8 Unexpected Tips For Your Next Coherent, Captivating, & Professional Presentation

  • Practice positivity. Prior to giving a presentation, think positively. Sometimes speakers question if they are adequately prepared for a presentation; they might worry about making mistakes in front of an audience. Instead, consistently think, “I can do this!” or “This presentation will be great!” Positivity goes a long way in subconsciously facilitating greater self-confidence and calming the nerves.

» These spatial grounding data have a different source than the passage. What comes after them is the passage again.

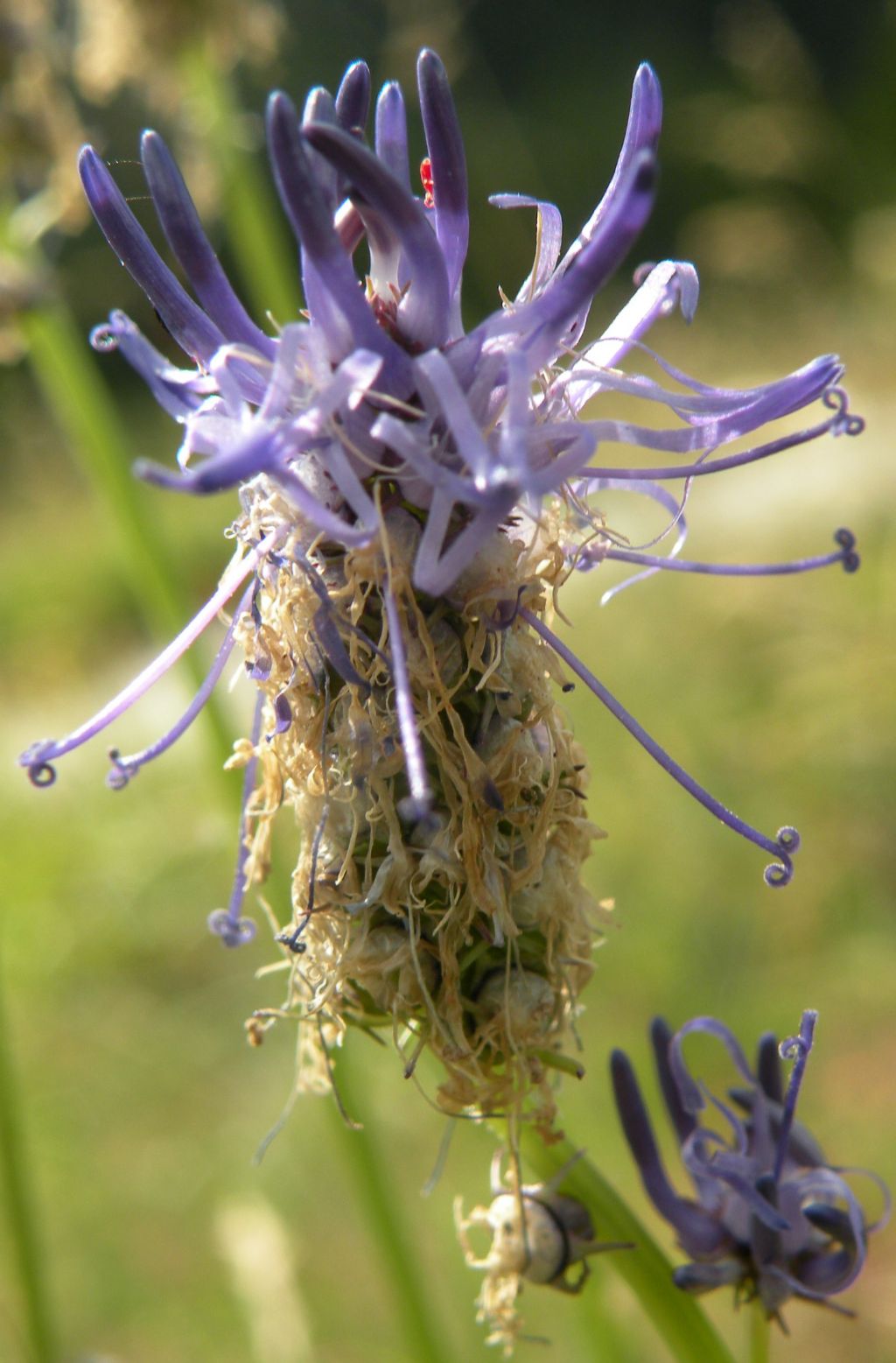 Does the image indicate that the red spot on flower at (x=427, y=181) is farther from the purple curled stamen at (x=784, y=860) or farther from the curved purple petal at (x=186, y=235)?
the purple curled stamen at (x=784, y=860)

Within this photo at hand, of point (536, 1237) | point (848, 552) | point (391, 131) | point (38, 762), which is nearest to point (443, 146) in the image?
point (391, 131)

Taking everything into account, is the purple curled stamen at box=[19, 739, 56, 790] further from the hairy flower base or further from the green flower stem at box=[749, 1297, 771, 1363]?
the green flower stem at box=[749, 1297, 771, 1363]

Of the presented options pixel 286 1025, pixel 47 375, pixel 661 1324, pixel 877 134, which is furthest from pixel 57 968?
pixel 877 134

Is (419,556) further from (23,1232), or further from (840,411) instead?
(23,1232)

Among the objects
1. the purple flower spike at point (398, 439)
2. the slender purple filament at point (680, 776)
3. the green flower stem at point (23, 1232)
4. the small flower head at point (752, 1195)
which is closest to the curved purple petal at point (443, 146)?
the purple flower spike at point (398, 439)

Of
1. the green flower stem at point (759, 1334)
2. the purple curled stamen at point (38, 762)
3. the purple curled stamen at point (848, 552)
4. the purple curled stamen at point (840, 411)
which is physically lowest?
the green flower stem at point (759, 1334)

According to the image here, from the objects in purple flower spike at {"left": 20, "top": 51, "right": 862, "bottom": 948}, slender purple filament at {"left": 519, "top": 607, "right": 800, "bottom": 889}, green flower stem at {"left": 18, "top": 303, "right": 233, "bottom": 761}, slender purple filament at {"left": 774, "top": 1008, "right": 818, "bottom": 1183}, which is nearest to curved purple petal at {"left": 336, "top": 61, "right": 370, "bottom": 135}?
purple flower spike at {"left": 20, "top": 51, "right": 862, "bottom": 948} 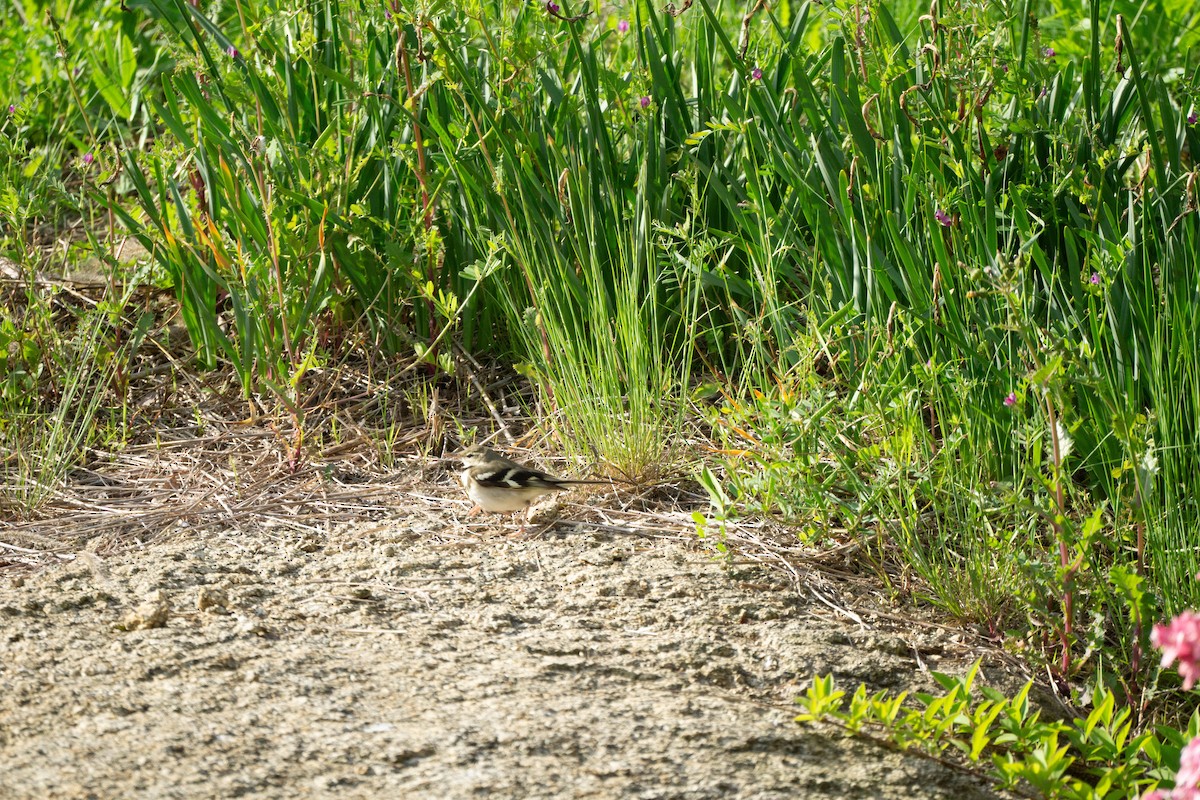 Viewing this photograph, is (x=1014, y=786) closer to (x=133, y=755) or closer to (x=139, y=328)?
(x=133, y=755)

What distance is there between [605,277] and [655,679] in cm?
157

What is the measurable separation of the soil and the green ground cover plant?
1.01ft

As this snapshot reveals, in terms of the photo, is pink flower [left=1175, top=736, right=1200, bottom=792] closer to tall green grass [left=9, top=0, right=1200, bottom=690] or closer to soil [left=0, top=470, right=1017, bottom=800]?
soil [left=0, top=470, right=1017, bottom=800]

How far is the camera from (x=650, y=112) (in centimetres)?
364

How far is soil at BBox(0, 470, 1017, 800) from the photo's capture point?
2020 millimetres

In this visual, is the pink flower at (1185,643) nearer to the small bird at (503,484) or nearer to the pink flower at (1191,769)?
the pink flower at (1191,769)

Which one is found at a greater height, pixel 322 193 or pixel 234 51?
pixel 234 51

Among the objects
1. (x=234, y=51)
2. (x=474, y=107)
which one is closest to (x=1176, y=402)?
(x=474, y=107)

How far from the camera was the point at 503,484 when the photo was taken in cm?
306

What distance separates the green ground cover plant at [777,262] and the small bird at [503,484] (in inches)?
10.3

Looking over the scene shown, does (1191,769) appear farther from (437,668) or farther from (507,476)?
(507,476)

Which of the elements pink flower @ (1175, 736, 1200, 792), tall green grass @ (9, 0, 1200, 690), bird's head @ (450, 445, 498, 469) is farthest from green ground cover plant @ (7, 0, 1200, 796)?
pink flower @ (1175, 736, 1200, 792)

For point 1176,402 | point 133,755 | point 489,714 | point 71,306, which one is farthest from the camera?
point 71,306

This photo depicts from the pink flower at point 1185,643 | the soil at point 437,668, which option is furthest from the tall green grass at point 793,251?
the pink flower at point 1185,643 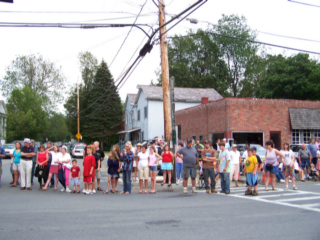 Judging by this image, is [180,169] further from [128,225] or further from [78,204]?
[128,225]

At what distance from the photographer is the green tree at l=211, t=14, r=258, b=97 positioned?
58312 mm

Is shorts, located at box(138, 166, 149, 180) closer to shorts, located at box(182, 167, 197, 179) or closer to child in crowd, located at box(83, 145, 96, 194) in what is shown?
shorts, located at box(182, 167, 197, 179)

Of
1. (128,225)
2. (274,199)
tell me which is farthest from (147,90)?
(128,225)

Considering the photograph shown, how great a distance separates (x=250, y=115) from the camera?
84.6 feet

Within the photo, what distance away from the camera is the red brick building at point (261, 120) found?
2548cm

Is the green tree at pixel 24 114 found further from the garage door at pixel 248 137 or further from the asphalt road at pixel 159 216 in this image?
the asphalt road at pixel 159 216

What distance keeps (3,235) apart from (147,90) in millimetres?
34588

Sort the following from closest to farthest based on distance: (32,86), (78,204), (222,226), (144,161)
Result: (222,226)
(78,204)
(144,161)
(32,86)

  • Be a storyteller, and create a scene. Stories are compelling and entertaining. Instead of using straightforward statements, tell stories, experiences, and examples to convey a specific point. To further immerse your audience in your stories, reveal your emotions and appeal to the five senses. Discuss your thoughts, feelings, sights, sounds, tastes, and more. Transport audience members to the setting of the story so that they can better relate to you.

  • Communicate compassionately. In other words, be a genuine human. People often create characters when they speak, but spectators will be more attracted to an individual they can empathize with. Tell an emotional story; reveal flaws and vulnerabilities. Emotions catalyze connections with listeners and often speak louder than words.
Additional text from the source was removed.